Très saluée aussi par le public, la mezzo-soprano Catalina Skinner incarne Nicklausse et la Muse. Sa voix est chaleureuse et veloutée, son phrasé long et agile, son timbre rond relevé d’un grain de piquant juvénile. Elle couvre élégamment ses aigus. Douée par ailleurs d’une belle présence scénique, elle campe un personnage espiègle, primesautier et attachant, avec une gestuelle qui rappelle Charlie Chaplin.
Richard Delestre met sa double casquette de chanteur et d’acteur de théâtre au service des rôles d’Andrès, Spalanzani, Frantz et Pitichinaccio.
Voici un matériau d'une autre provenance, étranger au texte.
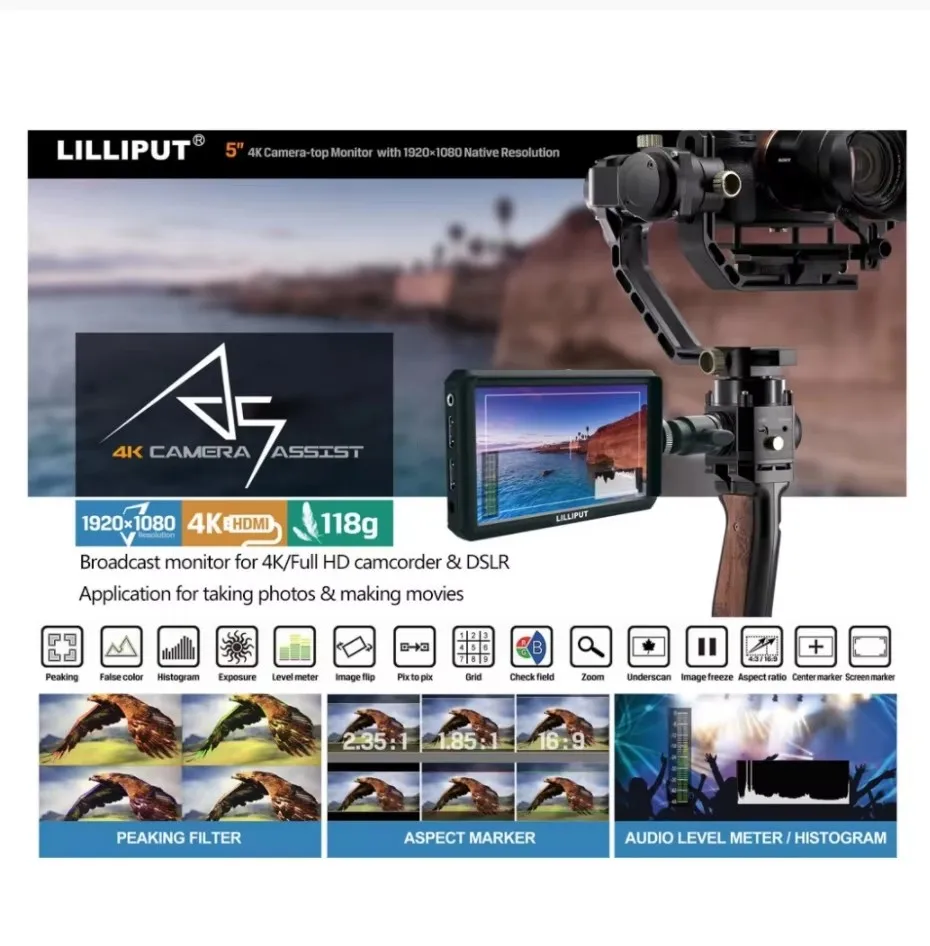 Lilliput A5 5" IPS 4K HDMI-compatible Camera Monitor for DSLR or Mirrorless Camera, Camera-top Field Video Monitor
Doué d’un talent comique manifeste, il possède aussi une voix de ténor bien placée et projetée, servie par une diction précise.
Marc Souchet incarne Luther, Crespel et Schlémil avec autorité grâce à une voix puissante et chaude, au lustre sombre de baryton verdien, qui confère du relief à ces personnages secondaires.
Maela Vergnes prête à la mère d’Antonia sa voix de mezzo-soprano, large, glaçante lors de son apparition sur scène. Le ténor Andoni Iturriria fait ses débuts le rôle de Cochenille, serviteur mécanique de Spalanzani, auquel il prête une voix fraîche, bien timbrée, solide sur son contre-ut en falsetto – conformément à la partition. L'autre étudiant, Hermann est chanté par Fabio Sitzia, d'une voix de baryton nette et avec une élocution soignée.
Enfin, Camille Humeau assure, conjointement à son rôle d’assistant à la mise en scène, celui de l’étudiant Nathanaël, avec une belle présence scénique et d’une voix de ténor conduite avec mordant.
Malgré quelques incidents techniques, rapidement corrigés, qui perturbent l’affichage des surtitres au troisième acte, cette première décalée mais bien recalée des Contes d’Hoffmann reçoit un accueil très enthousiaste du public, qui applaudit chaleureusement les interprètes vocaux, sans oublier la pianiste.